# Dear Lord...



## MrBlack (May 30, 2010)

http://www.youtube.com/watch?v=kfJnqbudMzs&feature=popular

This is worse than Alvin and the Chipmunks


----------



## Morroke (May 30, 2010)

Actually I think it's pretty clever and well done.


----------



## Silver Dragon (May 30, 2010)

I want the toaster car.


----------



## Lobar (May 30, 2010)

nigga's exercise wheel spins while its stopped yo


----------



## Aleu (May 30, 2010)

Saw it in the movie theater. I thought it was horrible.

OMG SOOO CUTE =^.^=


----------



## SirRob (May 30, 2010)

Their commercials just keep getting creepier and creepier...

fap fap fap


----------



## abitfuzzy (May 31, 2010)

furry going mainstream bound to happen. neat vid though.


----------



## KaShe (May 31, 2010)

The ones prior to this were pretty good, I really liked the one with all the wheels.

But this
Am I supposed to be laughing? crying? reeling back in horror?

It certainly doesn't make me want to buy the Soul.

...although I saw one on the road the other day... still wanted the hell out of that vehicle.


----------



## Krasl (May 31, 2010)

lol, wow.
that's horrible, just horrible.
and the original commercial was a bit stupid to begin with.


----------



## Taralack (May 31, 2010)

I thought this thread was going to be about something in reply to this one.

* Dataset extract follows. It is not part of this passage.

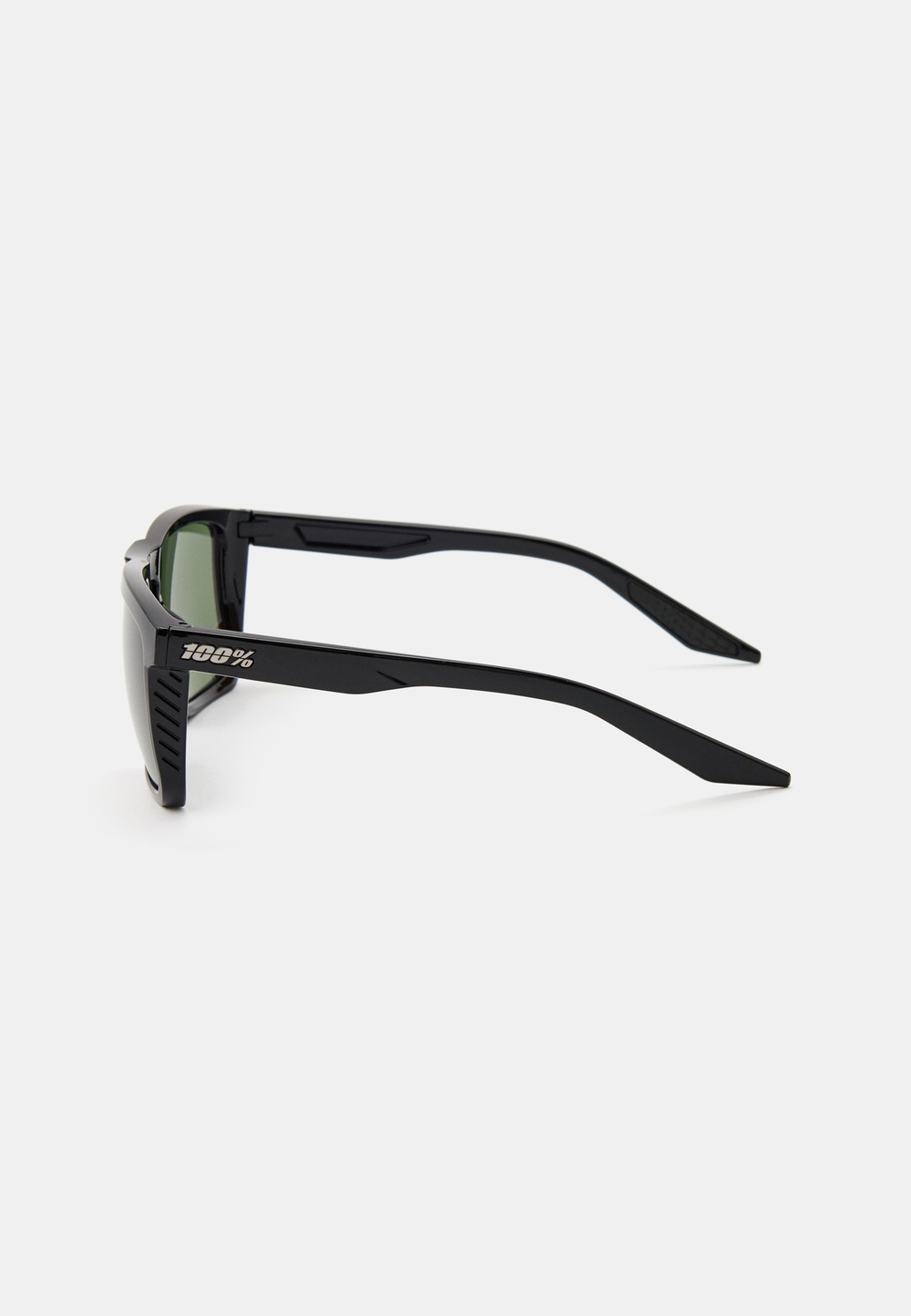 Спортивные очки 100% RENSHAW Polished Black - Grey-Green Lens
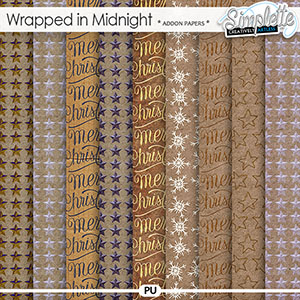 Wrapped in Midnight (addon papers) by Simplette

Nonetheless, the irony has not escaped me.


----------



## HyBroMcYenapants (May 31, 2010)

I hate it because it has rap


The Hampsters are yiffy though


----------



## Melo (May 31, 2010)

Commercial makes me not want to own a Kia.


----------



## Syradact (May 31, 2010)

"You can get with this, or you can get with that" sounded familiar...and I searched my memory banks for a match...Weapon of Choice by Fatboy Slim has that line. Ah, to be dancing with Christopher Walken right now...


----------



## Alstor (May 31, 2010)

This is better than the original commercials. And it's more gangsta than almost all of the rap out there today.

[/metaphorical sandy vagina]


----------



## Heliamphora (May 31, 2010)

its pretty cute but the original commercial's song is SO much better.  but maybe i am biased towards things with funk and soul


----------



## Atrak (May 31, 2010)

Heliamphora said:


> its pretty cute but the original commercial's song is SO much better.  but maybe i am biased towards things with funk and soul



What about things with gunk and sole?


----------



## Browder (May 31, 2010)

I love this, actually. Totally sending this to my sister.


----------



## KaShe (May 31, 2010)

Syradact said:


> "You can get with this, or you can get with that" sounded familiar...and I searched my memory banks for a match...Weapon of Choice by Fatboy Slim has that line. Ah, to be dancing with Christopher Walken right now...


Oh man
Oh MAN

I just got done listening to Fatboy Slim continuously.

Going back for this song is worth it.  They should have fat hamster people dancing with Christo- no, that's stupid.


----------



## Ratte (May 31, 2010)

That was awesome.  You guys are pussies.


----------



## Atrak (May 31, 2010)

Meh. They have a theme now. I guess the last commercial with all the hamster wheels went over well.


----------



## Lobar (May 31, 2010)

next one should be a fantasy-themed commercial featuring Boo


----------



## Tewin Follow (May 31, 2010)

OP sucks, that was fantastic.


----------



## Alstor (May 31, 2010)

Ratte said:


> That was awesome.  You guys are pussies.


We're not all hard-asses like you. :V


----------



## Atrak (May 31, 2010)

Alstor said:


> We're not all hard-asses like you. :V



Actually, her ass is quite-


----------



## cruncheweezy (May 31, 2010)

...Er....
That was... Good?
WTF IS THAT SHIT?!


----------



## skunkspray03 (May 31, 2010)

...the fuck?


----------



## Ames (Jun 1, 2010)

Saw this quite a few times on TV.

It made me smile.


----------



## Twylyght (Jun 1, 2010)

It wasn't so bad.  The music brought back memories.  Black Sheep's "The Choice is yours" is a classic.


----------



## south syde dobe (Jun 1, 2010)

abitfuzzy said:


> furry going mainstream bound to happen. neat vid though.


 
I won't happen until the foxes aren't sluts anymore and we all know that isn't going to happen anytime soon


----------



## Molotov (Jun 1, 2010)

Doo-Daa, DIP-ity
(COME ON)


----------